Description of the task: Give again, exactly as written, each line of the material below starting at the line that contains "Farianna_hot live cam on Cam4" and ending at the line that contains "Strand / Fotographie". Both ends count, and no other line does.

Records shown:
>>
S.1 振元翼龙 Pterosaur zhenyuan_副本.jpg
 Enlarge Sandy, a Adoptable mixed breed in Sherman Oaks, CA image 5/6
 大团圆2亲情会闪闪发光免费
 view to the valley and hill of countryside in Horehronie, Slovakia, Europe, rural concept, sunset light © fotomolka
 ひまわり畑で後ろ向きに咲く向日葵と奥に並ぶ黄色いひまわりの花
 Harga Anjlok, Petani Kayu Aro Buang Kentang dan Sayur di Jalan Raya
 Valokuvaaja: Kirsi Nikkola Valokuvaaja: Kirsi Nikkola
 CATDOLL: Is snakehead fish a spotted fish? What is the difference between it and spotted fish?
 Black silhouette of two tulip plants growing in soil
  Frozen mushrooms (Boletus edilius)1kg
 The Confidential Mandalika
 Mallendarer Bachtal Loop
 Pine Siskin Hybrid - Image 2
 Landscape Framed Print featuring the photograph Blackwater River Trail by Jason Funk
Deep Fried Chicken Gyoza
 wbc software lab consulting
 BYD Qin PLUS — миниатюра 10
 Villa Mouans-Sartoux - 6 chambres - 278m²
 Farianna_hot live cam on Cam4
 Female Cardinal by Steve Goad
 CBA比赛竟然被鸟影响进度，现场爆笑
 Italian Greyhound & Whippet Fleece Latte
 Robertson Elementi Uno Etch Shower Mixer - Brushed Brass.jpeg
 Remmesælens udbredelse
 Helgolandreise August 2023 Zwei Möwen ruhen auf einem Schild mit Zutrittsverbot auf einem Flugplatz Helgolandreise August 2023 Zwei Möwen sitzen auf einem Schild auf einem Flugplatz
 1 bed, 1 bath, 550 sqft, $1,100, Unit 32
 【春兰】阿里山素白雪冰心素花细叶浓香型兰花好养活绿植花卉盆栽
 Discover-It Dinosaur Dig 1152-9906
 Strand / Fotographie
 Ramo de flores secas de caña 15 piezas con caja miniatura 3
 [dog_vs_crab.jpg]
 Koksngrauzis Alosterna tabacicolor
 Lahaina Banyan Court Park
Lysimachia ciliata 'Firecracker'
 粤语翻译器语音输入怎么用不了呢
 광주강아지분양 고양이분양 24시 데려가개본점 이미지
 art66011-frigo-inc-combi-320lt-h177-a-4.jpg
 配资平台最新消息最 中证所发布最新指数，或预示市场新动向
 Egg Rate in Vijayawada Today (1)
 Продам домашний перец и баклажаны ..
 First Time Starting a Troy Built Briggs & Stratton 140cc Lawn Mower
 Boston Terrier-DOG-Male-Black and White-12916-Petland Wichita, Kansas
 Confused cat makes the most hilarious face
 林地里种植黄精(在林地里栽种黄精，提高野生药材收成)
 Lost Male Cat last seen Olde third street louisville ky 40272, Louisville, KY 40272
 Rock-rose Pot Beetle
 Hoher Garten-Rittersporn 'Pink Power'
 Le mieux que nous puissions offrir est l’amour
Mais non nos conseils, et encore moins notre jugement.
<<
Answer box:
 Farianna_hot live cam on Cam4
 Female Cardinal by Steve Goad
 CBA比赛竟然被鸟影响进度，现场爆笑
 Italian Greyhound & Whippet Fleece Latte
 Robertson Elementi Uno Etch Shower Mixer - Brushed Brass.jpeg
 Remmesælens udbredelse
 Helgolandreise August 2023 Zwei Möwen ruhen auf einem Schild mit Zutrittsverbot auf einem Flugplatz Helgolandreise August 2023 Zwei Möwen sitzen auf einem Schild auf einem Flugplatz
 1 bed, 1 bath, 550 sqft, $1,100, Unit 32
 【春兰】阿里山素白雪冰心素花细叶浓香型兰花好养活绿植花卉盆栽
 Discover-It Dinosaur Dig 1152-9906
 Strand / Fotographie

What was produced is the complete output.